The unidentified man was hospitalized Wednesday in critical but stable condition, said Deborah Busemeyer, department spokeswoman.
The man was suffering from the septicemic form of the disease in which the plague bacteria multiply in the bloodstream.
The department confirmed last Friday that a Bernalillo County woman died the previous week of the septicemic form of the plague. She was the first person to die from plague in New Mexico in a dozen years.
Plague generally is transmitted to people by the bites of infected fleas, but also can be transmitted by direct contact with infected animals — rodents, wildlife and pets.

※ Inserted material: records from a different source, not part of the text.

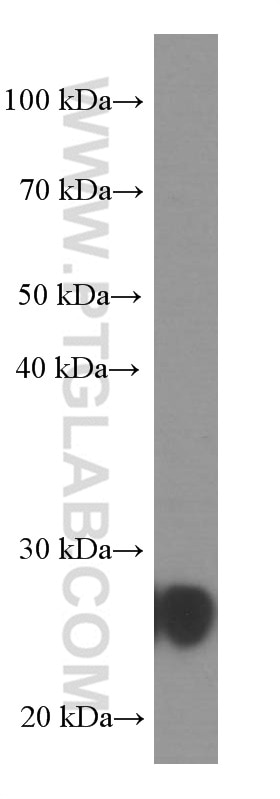 Western Blot (WB) analysis of pig brain tissue using UCHL1/PGP9.5 Monoclonal antibody (66230-1-Ig)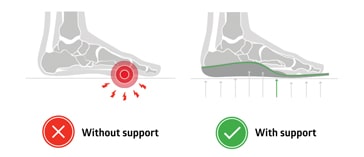 insoles with metatarsal pads relieve metatarsalgia pain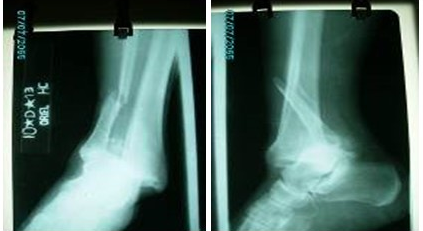 - Imagen de rayos X antero posterior y lateral del tobillo, donde se observa fractura suprasindesmal del peroné, lesión sindesmal, lesión del ligamento deltoideo y fractura del reborde antero externo del pilón tibial.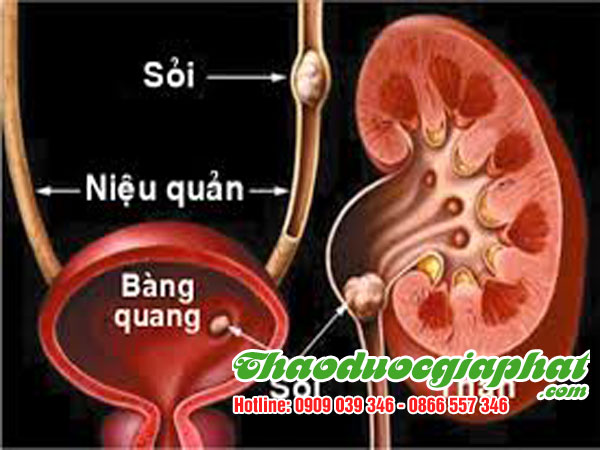 hoa-du-du-duc-tri-soi-mat-tai-quan-6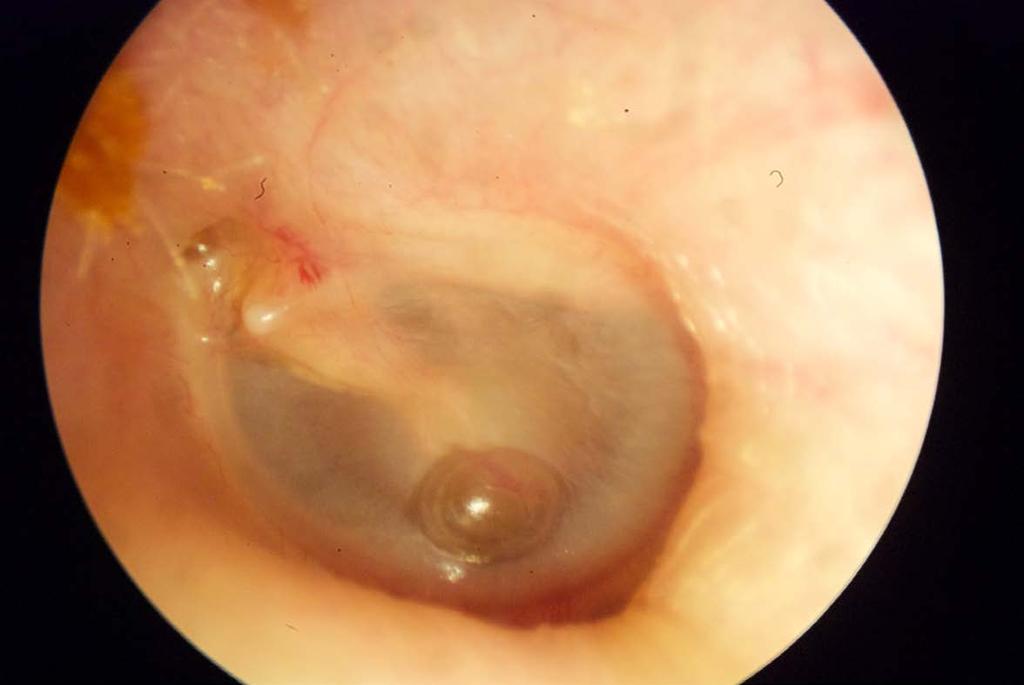 An inferior dimple in the pars tensa following extrusion of a Collar Button tube.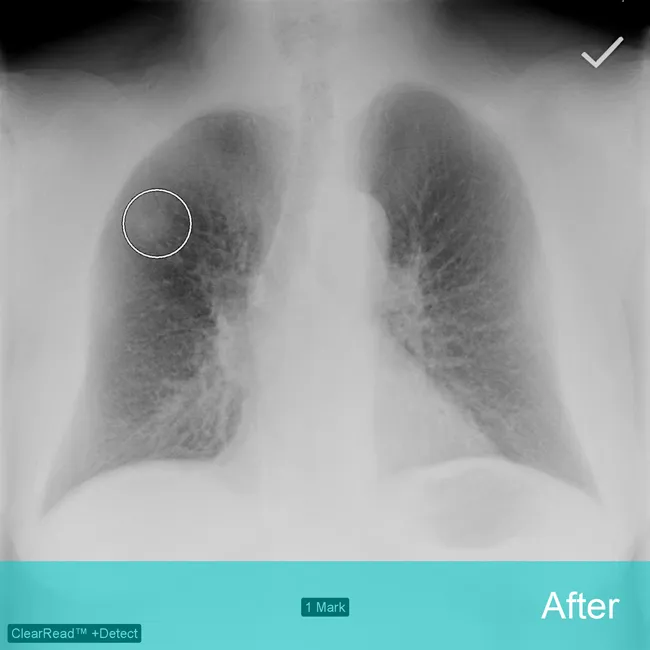 Circle on lung Xray shows nodule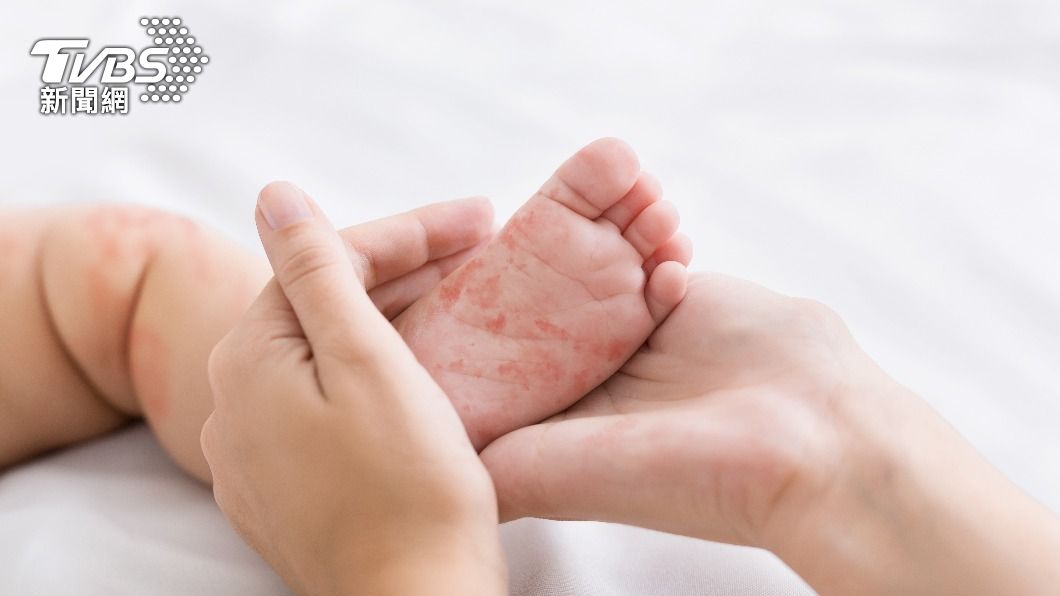 日本東京一名未滿5歲男童確診麻疹，為今年東京都第3例確診麻疹的患者。（示意圖／Shutterstock達志影像）
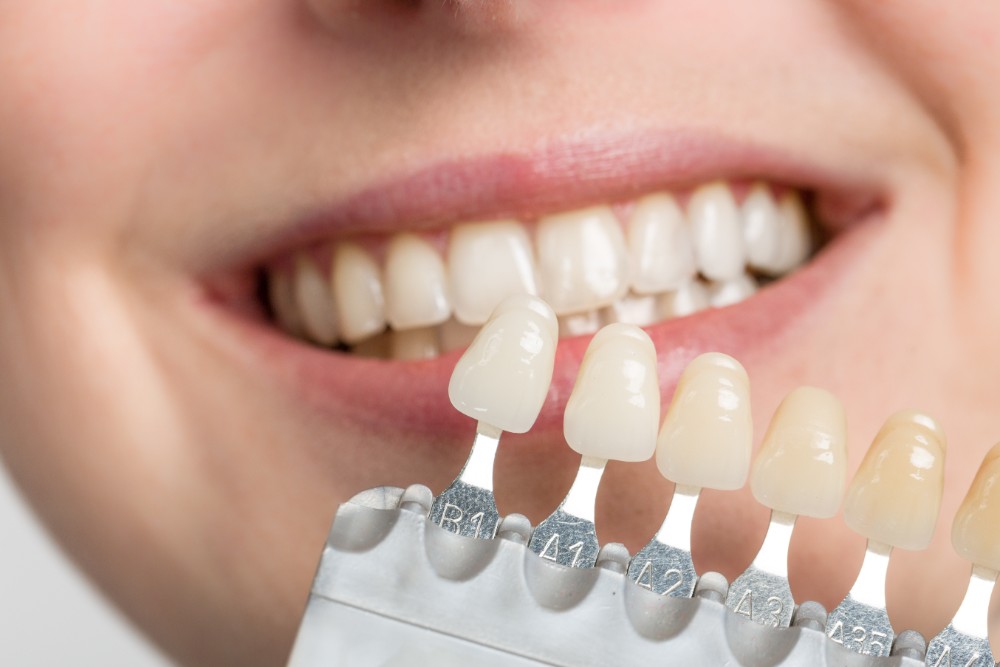 Veneers And Composite Resin Bonding - The Difference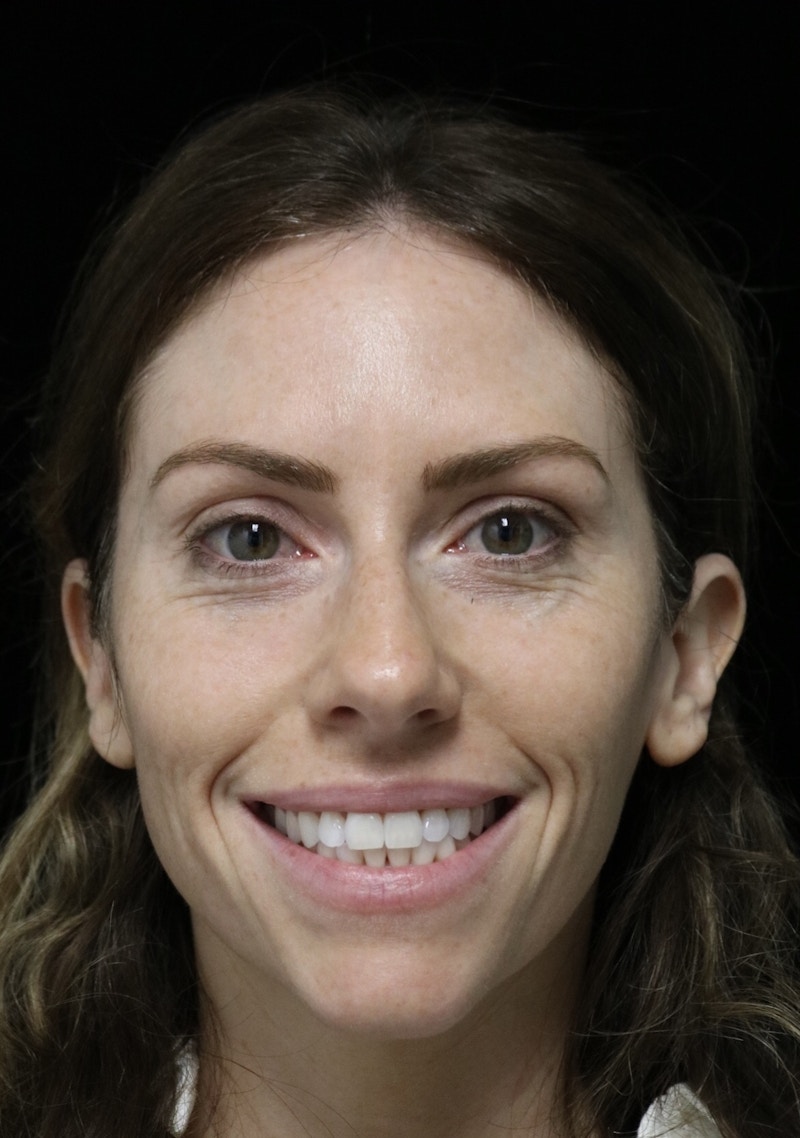 Beverly Hills Rhinoplasty Before & After Gallery - Patient 261202 - Image 5 Dr. Deepak Raj Dugar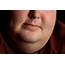 FDA Approves Drug To Combat Fat Underneath The Chin  Clevelandcom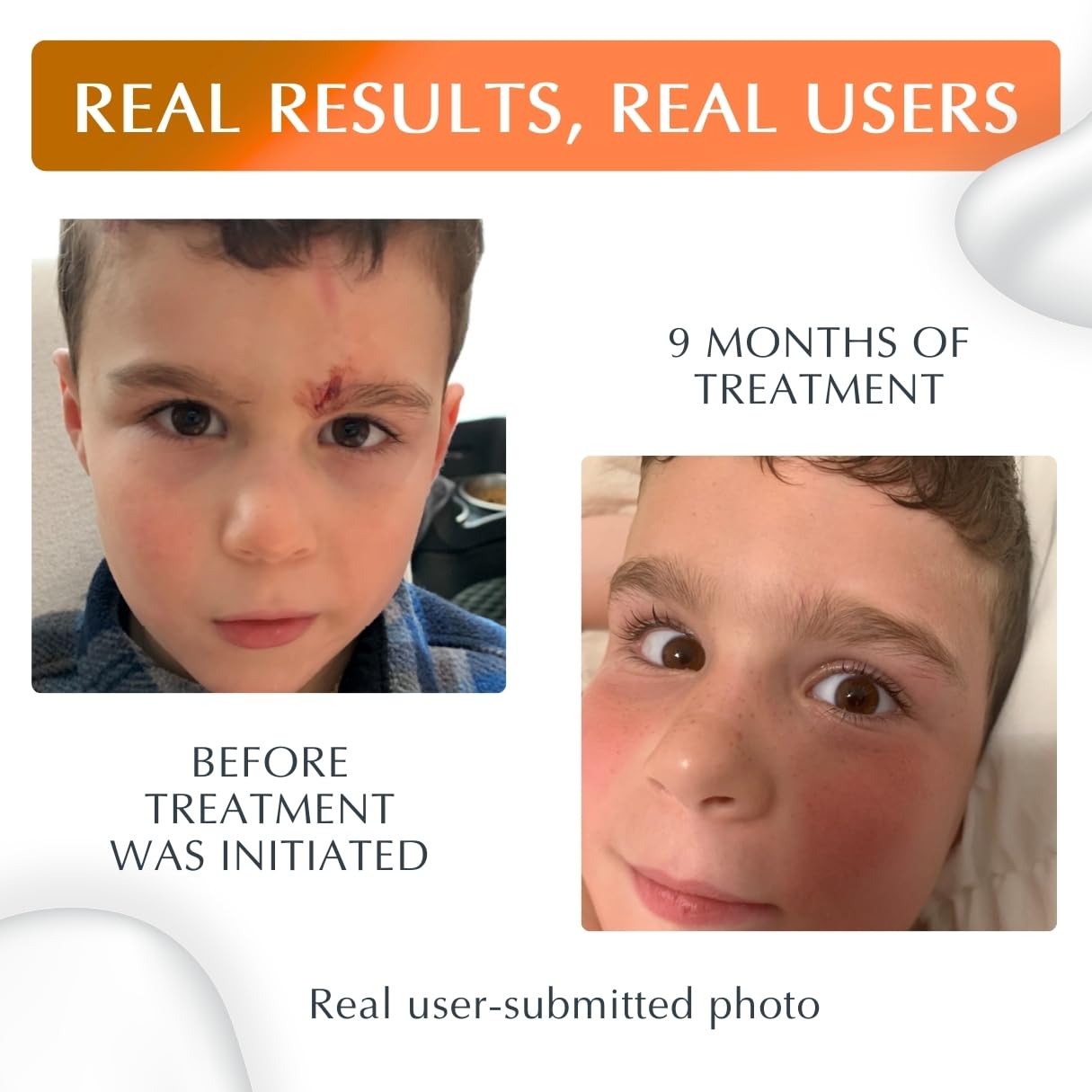 MyNewGel Plus UV applying on arm scar to protect from sun.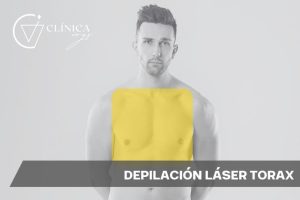 Depilación Láser Tórax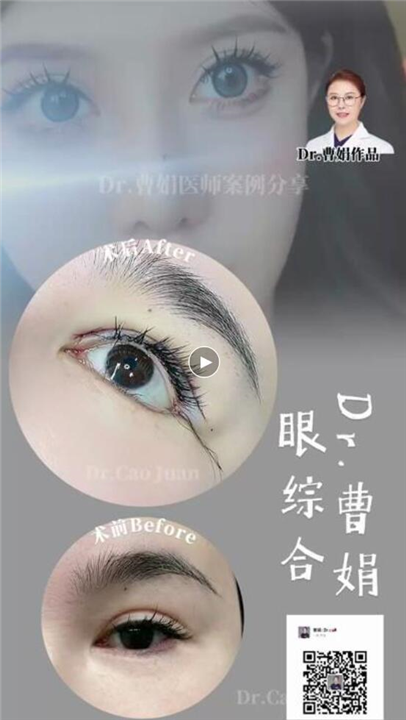 曹娟医生眼部案例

"This is the time of year when we see the most plague activity, so it's especially important to avoid rodents and fleas by getting wood and compost piles away from your home and making sure your pet has an effective flea control product," said C. Mack Sewell, state epidemiologist for the department.
Symptoms of bubonic plague include fever; painful swollen lymph nodes in the groin, armpit or neck; and chills. Symptoms also can include headache, vomiting and diarrhea.
New Mexico reported four human plague cases last year, three from Santa Fe County and one from Bernalillo County. There were no human cases in the state in 2004.
The last person to die from plague in the state before this year was a child from Rio Arriba County in 1994.
The department recommends cleaning up areas near homes where rodents could live; avoiding sick or dead rodents; teaching children not to play near rodent nests or burrows; treating pets with flea control products regularly; and keeping pets from roaming or hunting.